Brian G. Brooks is a solo practitioner who focuses on appellate practice and complex legal research, writing and advocacy for the plaintiff’s bar. He is also counsel for the Arkansas Trial Lawyers Association, amicus curiae counsel for the Tennessee Association for Justice. His office is located near Pickles Gap, just between Conway and Greenbrier Arkansas.
Justice Robert P. Chamberlin of Hernando joined the Mississippi Supreme Court on Jan. 3, 2017.
Justice Chamberlin was born April 6, 1965. He graduated from Hernando High School in 1983. He attended Northwest Mississippi Junior College and graduated from the University of Mississippi in 1987 with a Bachelor of Arts degree in history. Bobby later received the Eastland Scholarship to attend Ole Miss law school and earned his law degree from the University of Mississippi School of Law in 1990. Shortly after graduation from law school, he went to work for what was to become the Austin Law Firm in Hernando and later formed Chamberlin Nowak, P.C. in 2001. Bobby was in private law practice for 14 years, and served as attorney for the DeSoto County Board of Supervisors. He is a member of the American Inns of Court as well as a member of the Mississippi Bar Foundation.
Justice Chamberlin served as Municipal Court Judge for the City of Hernando from 1991 to 1999. He served as Municipal Prosecutor for the City of Horn Lake in 1992. He also served as a Special Master in Chancery Court.
Justice Chamberlin was elected to the Mississippi Senate in 1999, and served Senate District 1 of DeSoto County for five years. He was vice-chairman of the Universities and Colleges Committee from 2000 to 2003 as well as chairman of the Elections Committee in 2004. Bobby was also a member of the Judiciary B committee. He was selected as Legislator of the Year by the Mississippi Law Enforcement Officers Association in 2003. While serving in the Senate, he attended by invitation the National Security Seminar held at the United States Army War College.
Justice Chamberlin served for 12 years as a Circuit Judge of the 17th Circuit District. Then Gov. Haley Barbour appointed him to the 17th Circuit bench on Nov. 24, 2004. The district included DeSoto, Panola, Tallahatchie, Tate and Yalobusha counties.
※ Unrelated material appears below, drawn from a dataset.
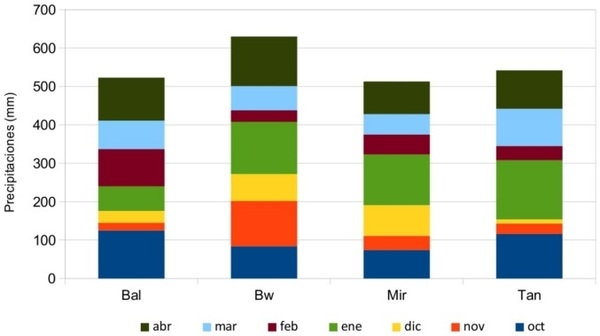 Resultados campaña 2020/2021 de la red de evaluación de cultivares de soja Región Pampeana Sur - Image 1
In 2006 he co-founded the 17th Circuit Drug Court with then-Circuit Judge and future Mississippi Supreme Court Justice Ann Lamar. During this time, Bobby served as a presiding judge on the complaint tribunal for attorney discipline. He has also previously served as chairman and vice chairman of the Conference of Circuit Judges.
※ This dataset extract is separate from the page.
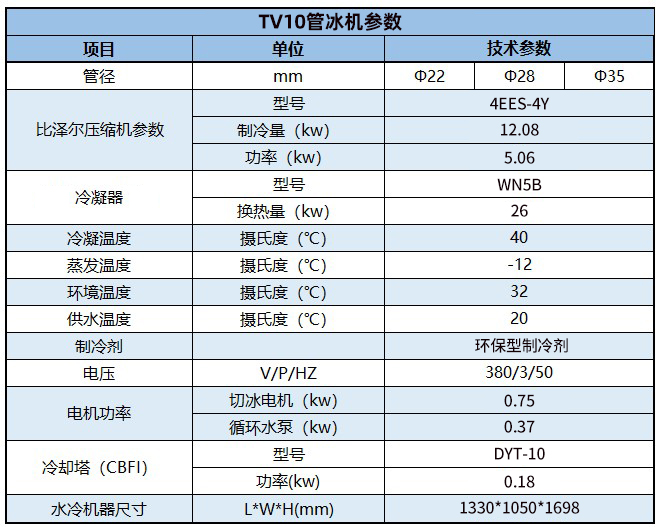 TV10管冰機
Justice Chamberlin is a lifelong resident of north Mississippi and is married to the former Kim White. They have one son, William.
Michael Gans is a 1977 graduate of Washington University School of Law and worked more than forty years in Missouri and federal appellate courts, as a law clerk and administrative assistant to the chief judges of the Missouri Court of Appeals for the Eastern District of Missouri and as chief deputy clerk and Clerk of Court for the United States Court of Appeals for the Eighth Circuit. At the time of his retirement as Eighth Circuit Clerk in April 2024, Gans had served nearly thirty-three years in that position and was the longest-serving federal appellate clerk. In his time at the Eighth Circuit he served on numerous national judiciary committees, including serving as the chair of the appellate clerk’s committee and as a member of the Federal Appellate Rules Committee. Gans also served as an editor of the 8th Circuit Appellate Practice Manual through its first ten editions. Following his retirement from the Eighth Circuit, Gans joined the St. Louis law firm of Dowd Bennett, where he serves of counsel.
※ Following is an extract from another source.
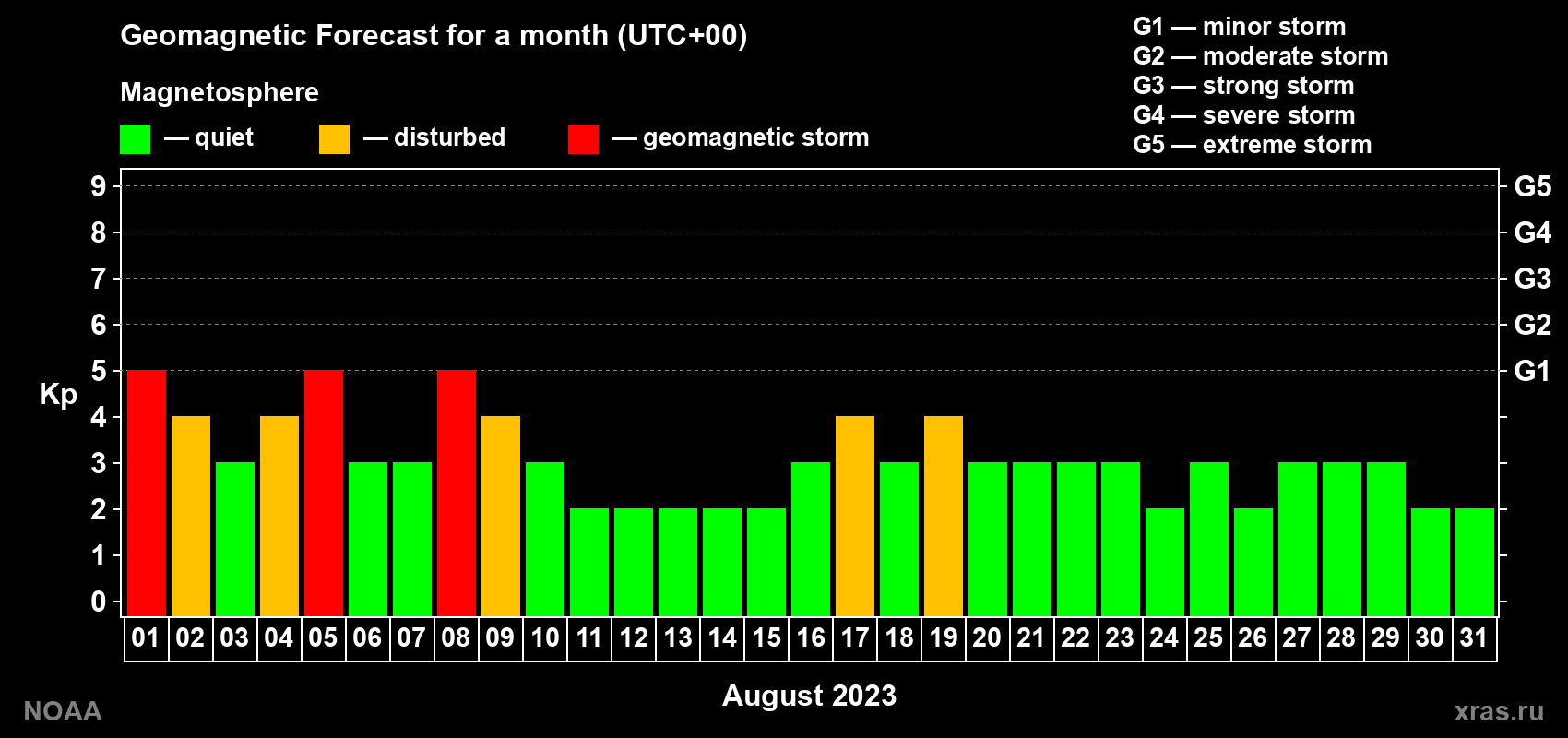 Geomagnetic index Kp forecast for the next month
Judge Jonathan Kobes received his Bachelor of Arts from Dordt University and his Juris Doctor from Harvard Law School. He served as a judicial law clerk to Judge Roger L. Wollman of the United States Court of Appeals for the Eighth Circuit. Following his clerkship, Kobes worked as a litigation attorney at the Central Intelligence Agency, an Assistant United States Attorney in Rapid City, South Dakota, and an associate at the Sioux Falls, South Dakota office of Murphy, Goldammer & Prendergast. Kobes has also worked as inhouse counsel at POET, LLC, Dupont Pioneer, and Raven Industries.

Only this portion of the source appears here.